I have been dreaming this dream a long, long time, bailed out of a career that would have (had I stayed until age 65) wrapped me in a blanket of security like a child in his Daddy's strong arms; soft and warm and worry-less. Money is nice, but we all know there are certain things it can't buy. It was the best decision I ever made, because only now can I imagine a life without health, only now do I fully understand that there are no guarantees.
Having always made heavy investments in health and fitness, I thought I might avoid or at least postpone the inevitable submersion into Golden Pond. Well Surprise, Surprise. But my mind is already hard at work, adapting, adjusting...compromising. It may be lowering my sights, I don't know.

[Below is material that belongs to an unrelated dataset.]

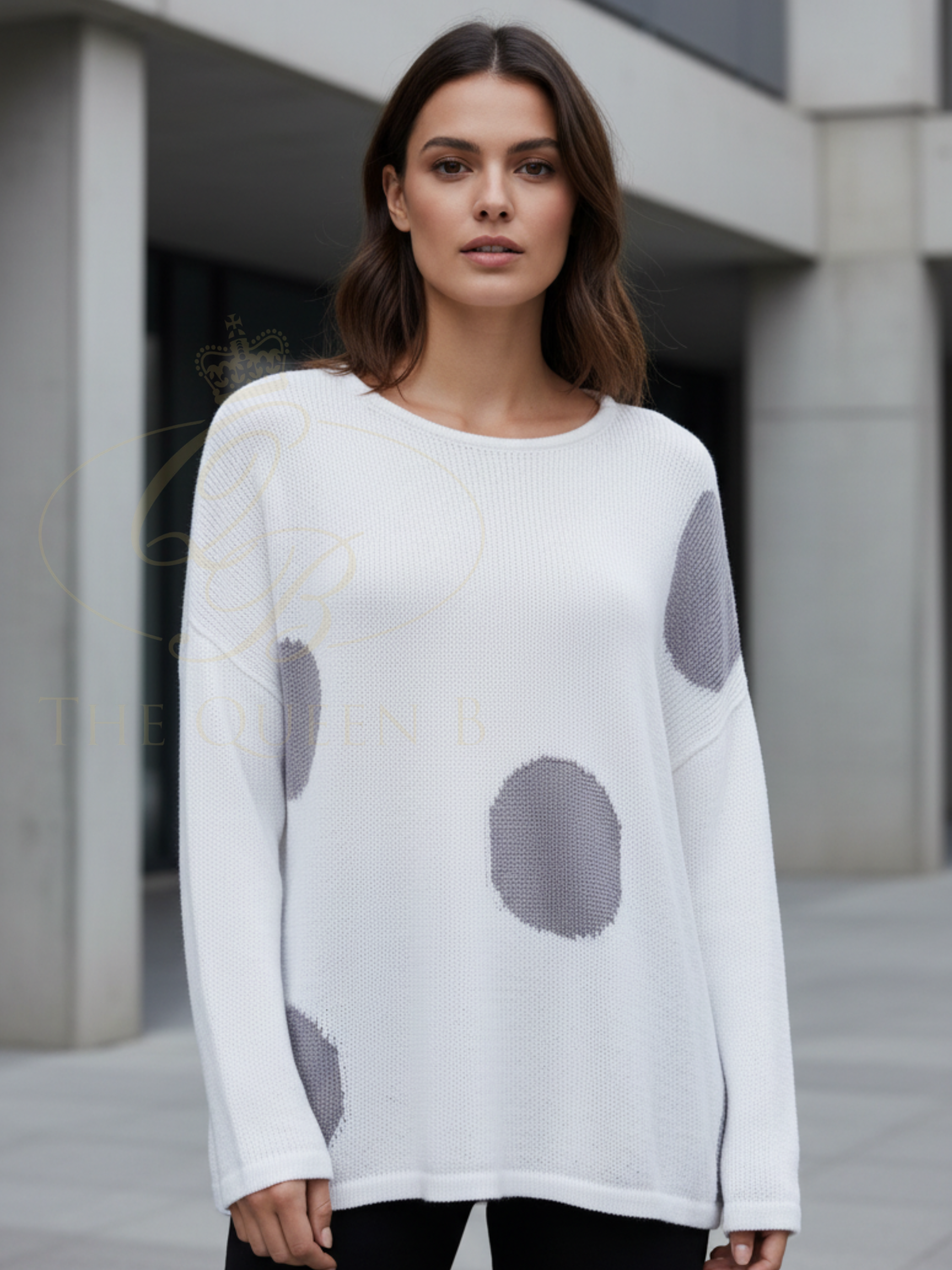 Naya NAS26 142 Soft Print Round Neck Organic Knit featuring lightweight organic cotton knit, round neckline and bold spot print design.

But as long as I can still scoot around on my 29'er, hike a good long trail...just to see a trickle of water fall from a canyon's varnished lip, listen to the Wren's falling song, and wade through alpine meadows of wildflowers, I will count myself among the fortunate.
Though it is on the threshold of noticeability, I do believe I'm getting better every day. Your comments are good motivation to hang in. I appreciate each and every one.
Have a fun Memorial Weekend, and thanks for your support.